## Exercise aim
All entries are to be retyped without alteration.

## Data to process
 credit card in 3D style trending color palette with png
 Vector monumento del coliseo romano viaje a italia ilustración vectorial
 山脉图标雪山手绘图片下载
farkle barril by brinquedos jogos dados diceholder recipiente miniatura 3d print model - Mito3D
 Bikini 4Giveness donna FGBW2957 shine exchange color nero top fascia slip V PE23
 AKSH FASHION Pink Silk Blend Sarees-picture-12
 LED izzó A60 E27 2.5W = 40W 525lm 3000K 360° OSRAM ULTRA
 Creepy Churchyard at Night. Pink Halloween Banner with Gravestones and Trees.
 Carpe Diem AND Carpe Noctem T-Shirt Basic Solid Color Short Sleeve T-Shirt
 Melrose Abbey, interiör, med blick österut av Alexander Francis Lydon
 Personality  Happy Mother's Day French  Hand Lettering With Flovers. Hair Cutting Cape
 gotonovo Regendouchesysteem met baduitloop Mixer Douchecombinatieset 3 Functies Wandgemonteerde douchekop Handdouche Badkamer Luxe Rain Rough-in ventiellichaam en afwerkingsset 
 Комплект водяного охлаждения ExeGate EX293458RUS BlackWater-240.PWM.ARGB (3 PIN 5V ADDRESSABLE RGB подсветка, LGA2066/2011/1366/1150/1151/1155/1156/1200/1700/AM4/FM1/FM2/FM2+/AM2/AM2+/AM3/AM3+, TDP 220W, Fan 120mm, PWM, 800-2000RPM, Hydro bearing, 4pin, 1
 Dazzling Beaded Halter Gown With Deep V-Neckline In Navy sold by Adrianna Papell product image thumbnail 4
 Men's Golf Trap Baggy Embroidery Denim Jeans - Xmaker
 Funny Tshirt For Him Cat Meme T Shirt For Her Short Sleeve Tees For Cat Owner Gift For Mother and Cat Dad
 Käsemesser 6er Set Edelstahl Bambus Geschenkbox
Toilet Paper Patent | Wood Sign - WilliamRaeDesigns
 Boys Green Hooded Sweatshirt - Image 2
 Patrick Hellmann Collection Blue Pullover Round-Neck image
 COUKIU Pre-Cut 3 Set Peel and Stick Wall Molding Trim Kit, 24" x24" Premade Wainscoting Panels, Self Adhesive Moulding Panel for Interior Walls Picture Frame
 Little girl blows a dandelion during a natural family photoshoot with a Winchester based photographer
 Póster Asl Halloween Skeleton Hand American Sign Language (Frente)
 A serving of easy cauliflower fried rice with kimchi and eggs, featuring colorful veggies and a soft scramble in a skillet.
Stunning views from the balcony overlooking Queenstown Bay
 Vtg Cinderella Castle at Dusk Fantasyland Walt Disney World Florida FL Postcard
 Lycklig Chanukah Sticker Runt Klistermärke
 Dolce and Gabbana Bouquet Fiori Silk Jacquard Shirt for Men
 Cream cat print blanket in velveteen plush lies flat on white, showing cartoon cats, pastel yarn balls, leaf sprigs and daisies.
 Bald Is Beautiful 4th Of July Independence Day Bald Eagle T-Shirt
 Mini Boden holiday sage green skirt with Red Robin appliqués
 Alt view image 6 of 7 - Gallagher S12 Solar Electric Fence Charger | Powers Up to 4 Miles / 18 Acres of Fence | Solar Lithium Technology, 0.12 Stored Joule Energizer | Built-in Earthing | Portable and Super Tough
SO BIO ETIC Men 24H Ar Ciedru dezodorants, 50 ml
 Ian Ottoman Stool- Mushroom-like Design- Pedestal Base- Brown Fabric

## Finished task
 credit card in 3D style trending color palette with png
 Vector monumento del coliseo romano viaje a italia ilustración vectorial
 山脉图标雪山手绘图片下载
farkle barril by brinquedos jogos dados diceholder recipiente miniatura 3d print model - Mito3D
 Bikini 4Giveness donna FGBW2957 shine exchange color nero top fascia slip V PE23
 AKSH FASHION Pink Silk Blend Sarees-picture-12
 LED izzó A60 E27 2.5W = 40W 525lm 3000K 360° OSRAM ULTRA
 Creepy Churchyard at Night. Pink Halloween Banner with Gravestones and Trees.
 Carpe Diem AND Carpe Noctem T-Shirt Basic Solid Color Short Sleeve T-Shirt
 Melrose Abbey, interiör, med blick österut av Alexander Francis Lydon
 Personality  Happy Mother's Day French  Hand Lettering With Flovers. Hair Cutting Cape
 gotonovo Regendouchesysteem met baduitloop Mixer Douchecombinatieset 3 Functies Wandgemonteerde douchekop Handdouche Badkamer Luxe Rain Rough-in ventiellichaam en afwerkingsset 
 Комплект водяного охлаждения ExeGate EX293458RUS BlackWater-240.PWM.ARGB (3 PIN 5V ADDRESSABLE RGB подсветка, LGA2066/2011/1366/1150/1151/1155/1156/1200/1700/AM4/FM1/FM2/FM2+/AM2/AM2+/AM3/AM3+, TDP 220W, Fan 120mm, PWM, 800-2000RPM, Hydro bearing, 4pin, 1
 Dazzling Beaded Halter Gown With Deep V-Neckline In Navy sold by Adrianna Papell product image thumbnail 4
 Men's Golf Trap Baggy Embroidery Denim Jeans - Xmaker
 Funny Tshirt For Him Cat Meme T Shirt For Her Short Sleeve Tees For Cat Owner Gift For Mother and Cat Dad
 Käsemesser 6er Set Edelstahl Bambus Geschenkbox
Toilet Paper Patent | Wood Sign - WilliamRaeDesigns
 Boys Green Hooded Sweatshirt - Image 2
 Patrick Hellmann Collection Blue Pullover Round-Neck image
 COUKIU Pre-Cut 3 Set Peel and Stick Wall Molding Trim Kit, 24" x24" Premade Wainscoting Panels, Self Adhesive Moulding Panel for Interior Walls Picture Frame
 Little girl blows a dandelion during a natural family photoshoot with a Winchester based photographer
 Póster Asl Halloween Skeleton Hand American Sign Language (Frente)
 A serving of easy cauliflower fried rice with kimchi and eggs, featuring colorful veggies and a soft scramble in a skillet.
Stunning views from the balcony overlooking Queenstown Bay
 Vtg Cinderella Castle at Dusk Fantasyland Walt Disney World Florida FL Postcard
 Lycklig Chanukah Sticker Runt Klistermärke
 Dolce and Gabbana Bouquet Fiori Silk Jacquard Shirt for Men
 Cream cat print blanket in velveteen plush lies flat on white, showing cartoon cats, pastel yarn balls, leaf sprigs and daisies.
 Bald Is Beautiful 4th Of July Independence Day Bald Eagle T-Shirt
 Mini Boden holiday sage green skirt with Red Robin appliqués
 Alt view image 6 of 7 - Gallagher S12 Solar Electric Fence Charger | Powers Up to 4 Miles / 18 Acres of Fence | Solar Lithium Technology, 0.12 Stored Joule Energizer | Built-in Earthing | Portable and Super Tough
SO BIO ETIC Men 24H Ar Ciedru dezodorants, 50 ml
 Ian Ottoman Stool- Mushroom-like Design- Pedestal Base- Brown Fabric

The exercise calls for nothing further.